I had to miss Strata due to a family emergency. While Mary picked up the slack for me at our privacy session, and by all reports did her usual outstanding job, I also had to cancel a Tuesday night Strata session sponsored by 10Gen on how PatternBuilders has used Mongo and Azure to create a next generation big data analytics system. The good news is that I should have some time to catch up on my writing this week so look for a version of what would have been my 10Gen talk shortly. In the meantime, to get me back in the groove, here is a very short post inspired by a Forbes post written by Dan Everett of SAP on “Hadoopla”
As a CEO of a real-time big data analytics company that occasionally competes with parts of the Hadoop ecosystem, I may have some biases (you think?). But I certainly agree that there is too much Hadoopla (a great term). If our goal as an industry is to move Big Data out of the lab and into mainstream use by anyone other than the companies that thrive on and have the staff to support high maintenance and very high skill technologies, Hadoop is not the answer – it has too many moving parts and is simply too complex.
To quote from a blog post I wrote a year ago:
“Hadoop is a nifty technology that offers one of the best distributed batch processing frameworks available, although there are other very good ones that don’t get nearly as much press, including Condor and Globus. All of these systems fit broadly into the High Performance, Parallel, or Grid computing categories and all have been or are currently used to perform analytics on large data sets (as well as other types of problems that can benefit from bringing the power of multiple computers to bear on a problem).

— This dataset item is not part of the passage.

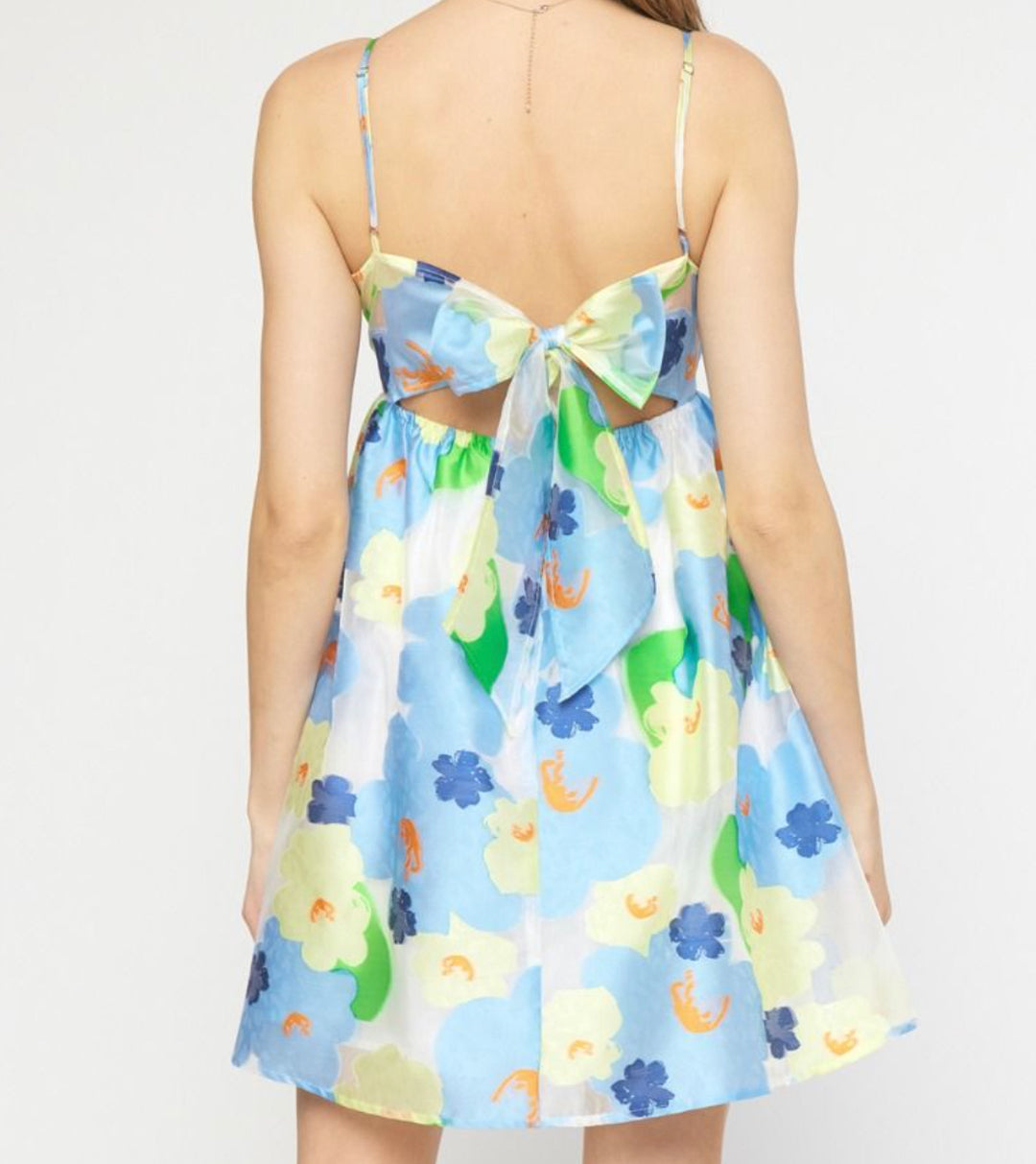 Floral Mini Dress- Blue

The SETI project is probably the most well know (and IMHO, the coolest) application of these technologies outside of that little company in Mountain View indexing the Internet. But just because a system can be used for analytics doesn’t make it an analytics system…..“
Why is the industry so focused on Hadoop? Given the huge amount of venture capital that has been poured into various members of the Hadoop eco-system and that eco-system’s failure to find a breakout business model that isn’t hampered by Hadoop’s intrinsic complexity, there is ample incentive for a lot of very savvy folks to attempt to market around these limitations. But no amount of marketing can change the fact that Hadoop is a tool for companies with elite programmers and top of the line computing infrastructures. And in that niche, it excels. But it was not designed, and in my opinion will never see, broad adoption outside of that niche despite the seeming endless growth of Hadoopla.